Source records:

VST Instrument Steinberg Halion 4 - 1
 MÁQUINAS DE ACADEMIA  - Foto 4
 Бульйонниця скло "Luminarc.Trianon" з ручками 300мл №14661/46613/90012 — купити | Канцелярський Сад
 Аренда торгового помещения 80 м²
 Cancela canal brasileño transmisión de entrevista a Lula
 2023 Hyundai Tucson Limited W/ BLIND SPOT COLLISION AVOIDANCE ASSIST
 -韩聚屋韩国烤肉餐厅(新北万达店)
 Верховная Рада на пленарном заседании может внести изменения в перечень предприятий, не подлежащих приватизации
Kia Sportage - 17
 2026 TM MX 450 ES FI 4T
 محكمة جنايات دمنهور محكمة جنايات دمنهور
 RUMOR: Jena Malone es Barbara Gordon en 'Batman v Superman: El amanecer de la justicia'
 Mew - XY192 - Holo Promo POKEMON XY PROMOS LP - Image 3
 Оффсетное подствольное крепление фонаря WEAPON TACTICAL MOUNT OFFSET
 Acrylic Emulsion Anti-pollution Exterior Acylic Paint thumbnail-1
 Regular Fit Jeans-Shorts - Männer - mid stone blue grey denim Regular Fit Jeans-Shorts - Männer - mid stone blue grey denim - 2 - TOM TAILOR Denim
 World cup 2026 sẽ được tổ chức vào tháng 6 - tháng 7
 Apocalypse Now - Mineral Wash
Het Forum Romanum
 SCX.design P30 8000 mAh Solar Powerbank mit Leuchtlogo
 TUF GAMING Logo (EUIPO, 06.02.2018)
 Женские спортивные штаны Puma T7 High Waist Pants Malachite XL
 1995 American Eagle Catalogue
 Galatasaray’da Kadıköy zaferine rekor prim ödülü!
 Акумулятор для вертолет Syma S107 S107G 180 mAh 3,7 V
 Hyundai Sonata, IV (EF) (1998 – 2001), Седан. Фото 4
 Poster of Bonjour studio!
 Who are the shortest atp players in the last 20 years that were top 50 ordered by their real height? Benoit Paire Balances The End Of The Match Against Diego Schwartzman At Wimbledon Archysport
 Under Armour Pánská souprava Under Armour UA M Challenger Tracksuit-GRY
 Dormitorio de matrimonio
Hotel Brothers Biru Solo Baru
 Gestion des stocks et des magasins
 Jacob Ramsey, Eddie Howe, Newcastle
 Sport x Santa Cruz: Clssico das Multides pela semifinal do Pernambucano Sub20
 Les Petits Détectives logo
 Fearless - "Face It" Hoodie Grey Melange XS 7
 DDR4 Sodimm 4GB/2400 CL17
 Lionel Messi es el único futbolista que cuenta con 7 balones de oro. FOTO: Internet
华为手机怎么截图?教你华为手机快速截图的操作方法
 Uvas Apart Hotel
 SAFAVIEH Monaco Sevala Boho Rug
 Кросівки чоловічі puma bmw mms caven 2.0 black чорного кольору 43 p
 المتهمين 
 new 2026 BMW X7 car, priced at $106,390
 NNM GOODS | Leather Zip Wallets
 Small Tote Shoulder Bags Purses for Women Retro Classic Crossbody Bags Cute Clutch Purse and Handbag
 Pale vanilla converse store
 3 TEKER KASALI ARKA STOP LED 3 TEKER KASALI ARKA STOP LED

*Task brief*
Whenever a line in the records contains the word "Hyundai", copy that line.

*Solution to the exercise*
 2023 Hyundai Tucson Limited W/ BLIND SPOT COLLISION AVOIDANCE ASSIST
 Hyundai Sonata, IV (EF) (1998 – 2001), Седан. Фото 4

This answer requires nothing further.